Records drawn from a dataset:
******
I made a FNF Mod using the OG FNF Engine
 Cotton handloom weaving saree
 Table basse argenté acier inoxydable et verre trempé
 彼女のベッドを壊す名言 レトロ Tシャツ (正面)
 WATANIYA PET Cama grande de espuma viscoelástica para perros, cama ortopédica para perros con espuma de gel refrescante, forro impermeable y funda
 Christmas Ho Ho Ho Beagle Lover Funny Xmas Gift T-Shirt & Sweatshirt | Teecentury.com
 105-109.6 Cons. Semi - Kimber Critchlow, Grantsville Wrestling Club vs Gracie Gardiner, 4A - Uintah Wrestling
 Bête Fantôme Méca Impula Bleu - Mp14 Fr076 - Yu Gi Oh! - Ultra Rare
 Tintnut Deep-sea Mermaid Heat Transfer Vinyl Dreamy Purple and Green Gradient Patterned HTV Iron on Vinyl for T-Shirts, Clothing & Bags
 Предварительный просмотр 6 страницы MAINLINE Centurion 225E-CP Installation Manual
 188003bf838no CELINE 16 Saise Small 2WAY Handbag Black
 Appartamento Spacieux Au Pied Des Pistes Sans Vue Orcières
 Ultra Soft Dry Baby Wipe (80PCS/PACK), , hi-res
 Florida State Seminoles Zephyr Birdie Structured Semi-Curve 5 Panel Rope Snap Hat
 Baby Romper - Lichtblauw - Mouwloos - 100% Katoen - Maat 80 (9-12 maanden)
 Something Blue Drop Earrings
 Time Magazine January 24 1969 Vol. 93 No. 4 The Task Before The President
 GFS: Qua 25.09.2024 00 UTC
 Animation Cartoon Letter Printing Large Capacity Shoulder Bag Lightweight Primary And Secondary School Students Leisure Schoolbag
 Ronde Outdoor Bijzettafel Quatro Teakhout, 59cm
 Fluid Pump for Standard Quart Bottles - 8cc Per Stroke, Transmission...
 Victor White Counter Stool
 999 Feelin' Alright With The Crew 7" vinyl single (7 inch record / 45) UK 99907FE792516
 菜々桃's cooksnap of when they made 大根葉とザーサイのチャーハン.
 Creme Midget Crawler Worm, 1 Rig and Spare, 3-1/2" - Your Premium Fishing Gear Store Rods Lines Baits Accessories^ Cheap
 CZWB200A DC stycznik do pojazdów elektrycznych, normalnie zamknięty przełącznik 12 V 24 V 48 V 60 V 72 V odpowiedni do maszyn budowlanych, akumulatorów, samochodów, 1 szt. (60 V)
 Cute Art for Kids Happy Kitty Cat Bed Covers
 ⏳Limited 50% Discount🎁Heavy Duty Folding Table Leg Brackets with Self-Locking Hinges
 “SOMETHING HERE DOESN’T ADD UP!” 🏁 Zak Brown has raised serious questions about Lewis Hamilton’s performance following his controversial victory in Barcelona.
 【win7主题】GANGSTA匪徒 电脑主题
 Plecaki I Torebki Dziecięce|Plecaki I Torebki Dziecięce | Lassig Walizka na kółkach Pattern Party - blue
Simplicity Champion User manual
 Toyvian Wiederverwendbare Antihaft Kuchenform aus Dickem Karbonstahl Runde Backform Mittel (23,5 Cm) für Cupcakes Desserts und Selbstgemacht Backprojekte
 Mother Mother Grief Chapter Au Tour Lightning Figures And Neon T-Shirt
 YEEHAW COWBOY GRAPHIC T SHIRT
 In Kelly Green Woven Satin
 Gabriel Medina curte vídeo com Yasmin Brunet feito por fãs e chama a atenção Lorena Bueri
******
→ Work task
Reproduce, word for word and in full, only the lines above that start at the line with "Christmas Ho Ho" and run through the line with "Bête Fantôme Méca", both ends included.

→ Output for this exercise
 Christmas Ho Ho Ho Beagle Lover Funny Xmas Gift T-Shirt & Sweatshirt | Teecentury.com
 105-109.6 Cons. Semi - Kimber Critchlow, Grantsville Wrestling Club vs Gracie Gardiner, 4A - Uintah Wrestling
 Bête Fantôme Méca Impula Bleu - Mp14 Fr076 - Yu Gi Oh! - Ultra Rare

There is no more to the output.